Para politikası kurulu kararıyla ilgili değerlendirmelerde de bulunan Yılmaz, Merkez Bankası olarak küresel krizin derinleştiği 2008 yılının son çeyreğinden itibaren enflasyonda hızlı bir düşüş olacağını öngördüklerini ve iktisadi faaliyet üzerinde oluşabilecek potansiyel tahribatı sınırlamaya odaklandıklarını kaydetti.

Yılmaz, bu süreçte bir yandan kısa vadeli faiz oranlarını süratli bir şekilde aşağı çekerken, diğer yandan dengeleyici bir likidite politikası izleyerek kredi piyasasındaki tıkanıklığı gidermeyi hedeflediklerini ifade etti.

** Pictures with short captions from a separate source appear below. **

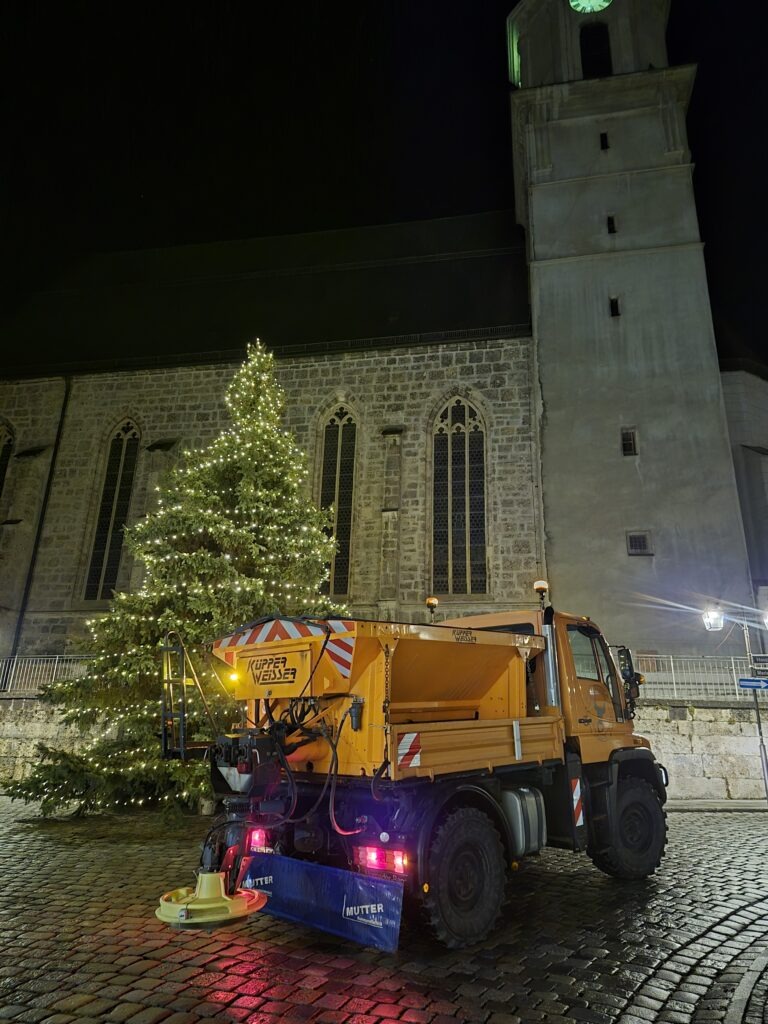Winterdienst Baumgartner Landschaftsbau Trostberg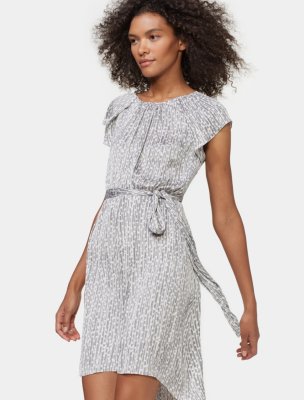 CAP SLEEVE DRESS WITH SASH CAP SLEEVE DRESS WITH SASH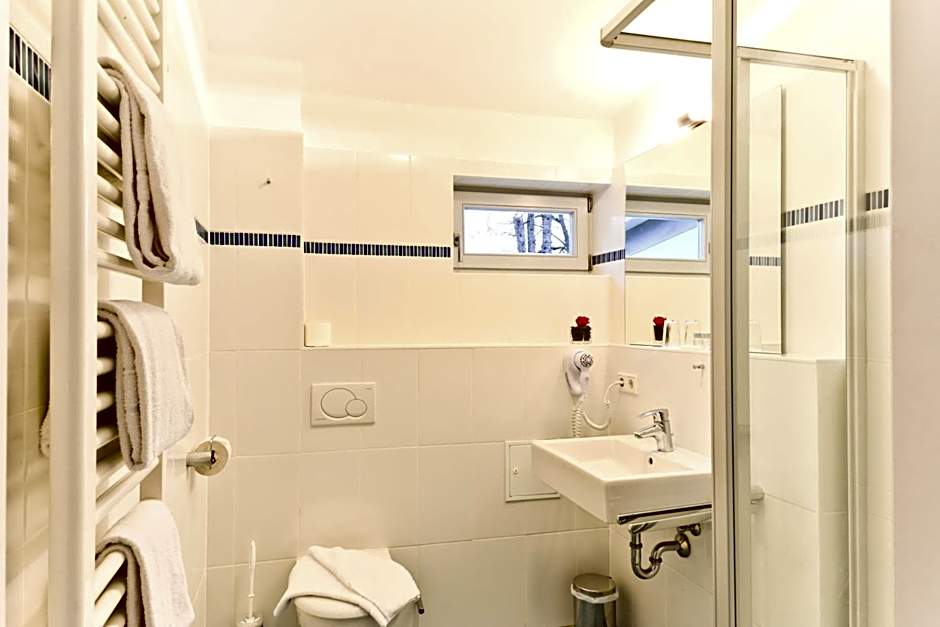 Empress Boutique Hotel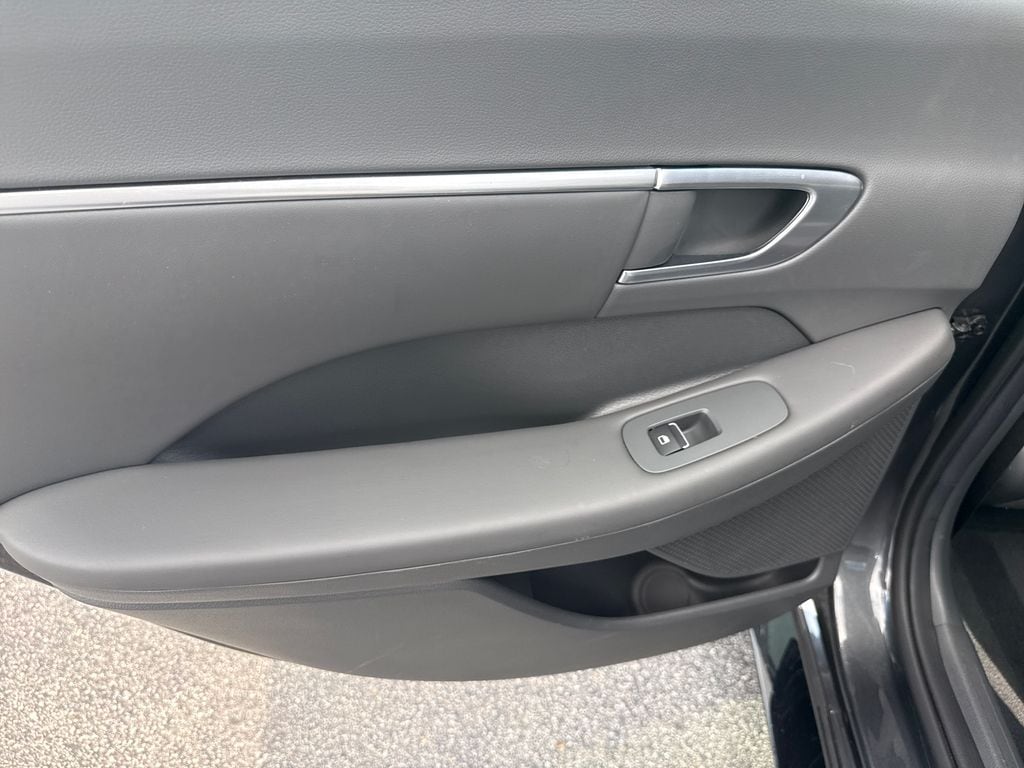 2022 Hyundai Sonata SEL Plus - Photo 17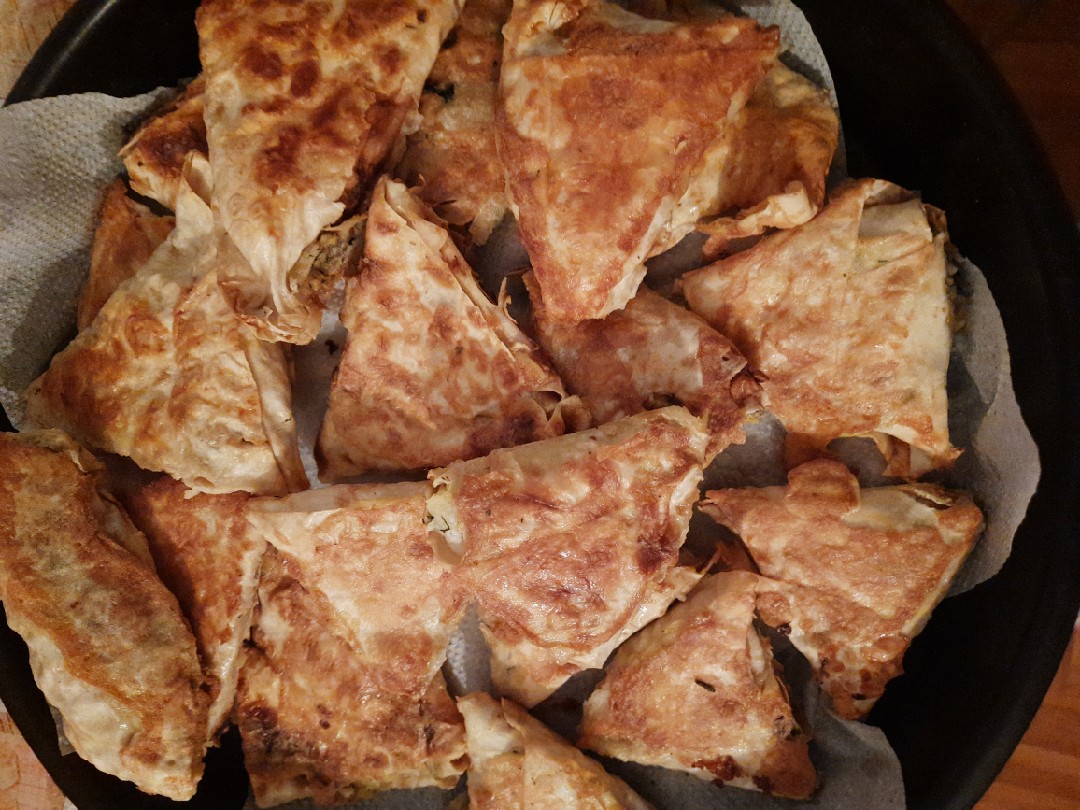 Закусочные пирожки из лаваша с зелёным луком и яйцом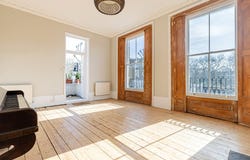 Richmond Avenue Barnsbury, London, England N1 0LX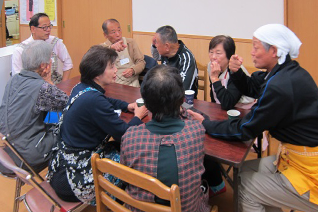 料理教室に参加した移住者との交流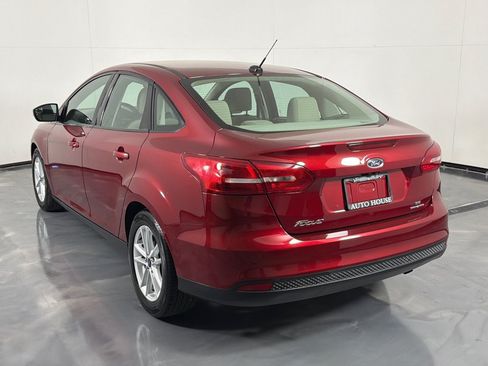 Used 2015 Ford Focus SE w/ SE Cold Weather Package FWD image 7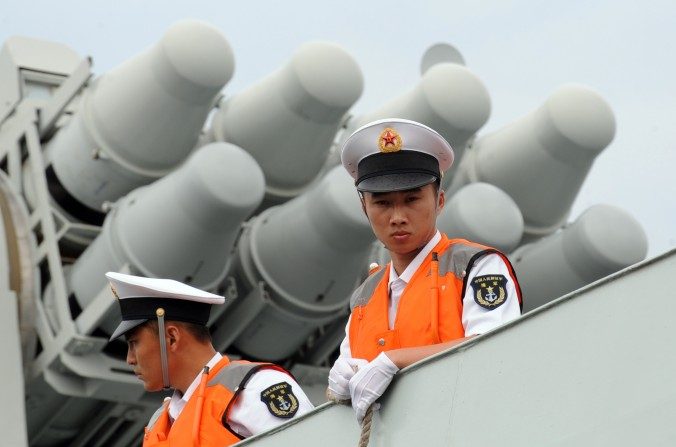 A base militar chinesa está localizada em Djibouti, justamente na entrada do estreito de Bab el-Mandeb, por onde passam cerca de 3,2 milhões de barris de petróleo  todos os dias  (Ted Aljibe/AFP/Getty Images)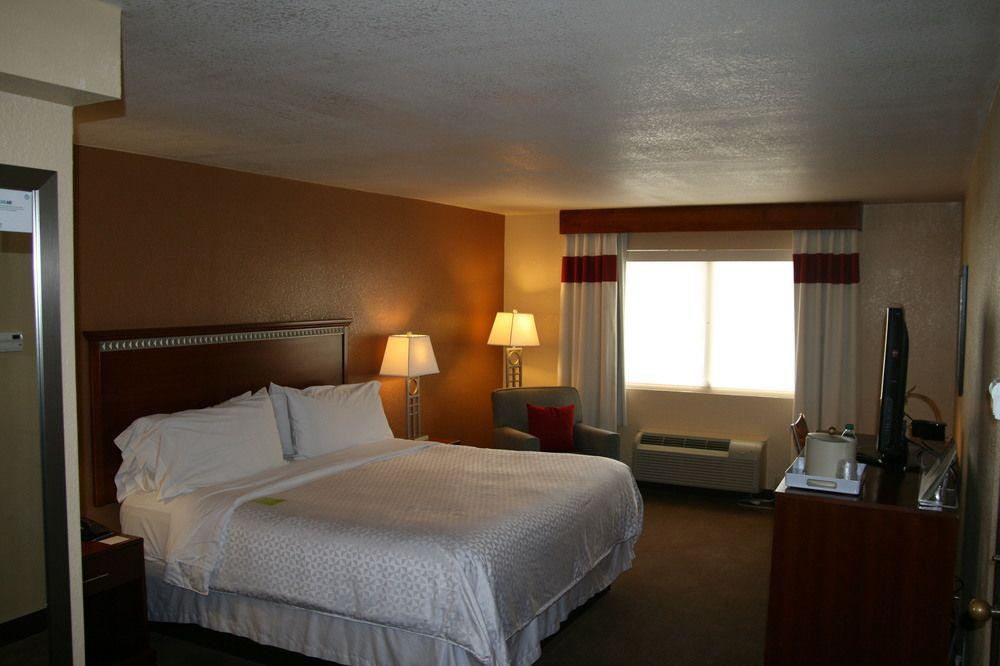 Four Points By Sheraton Tucson Airport Екстериор снимка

Gelişmekte olan ülkeler arasında, küresel krizin derinleştiği dönemden bugüne en fazla faiz indirimine giden Merkez Bankası olduklarını belirten Yılmaz, şöyle konuştu:

''Faiz indirimlerinin başladığı günden bu yana enflasyona ve iktisadi faaliyete dair açıklanan verilerin öngörülerimizi teyit etmesi, para politikası kararlarının beklentiler üzerindeki etkisini güçlendirmiş ve risk primindeki iyileşmenin de katkısıyla piyasa faizleri kademeli olarak gerileyerek tarihteki en düşük düzeylerine inmiştir. Piyasa faizlerindeki bu düşüşte Merkez Bankasının etkin iletişim politikası ve beklenti yönetimi ile Eylül ayında orta vadeli programın tutarlı ve gerçekçi olduğuna dair piyasada oluşan algılamalar da önemli rol oynamıştır.''

Ekim ayında kredi koşullarındaki sıkılığı daha da azaltmak ve faiz indirimlerinin etkisini güçlendirmek amacıyla Türk Lirası zorunlu karşılık oranlarında indirime gittiklerini hatırlatan Yılmaz, bu çerçevede yılın son çeyreğinde kredilerde toparlanma eğiliminin kademeli olarak devam etmesini beklediklerini bildirdi.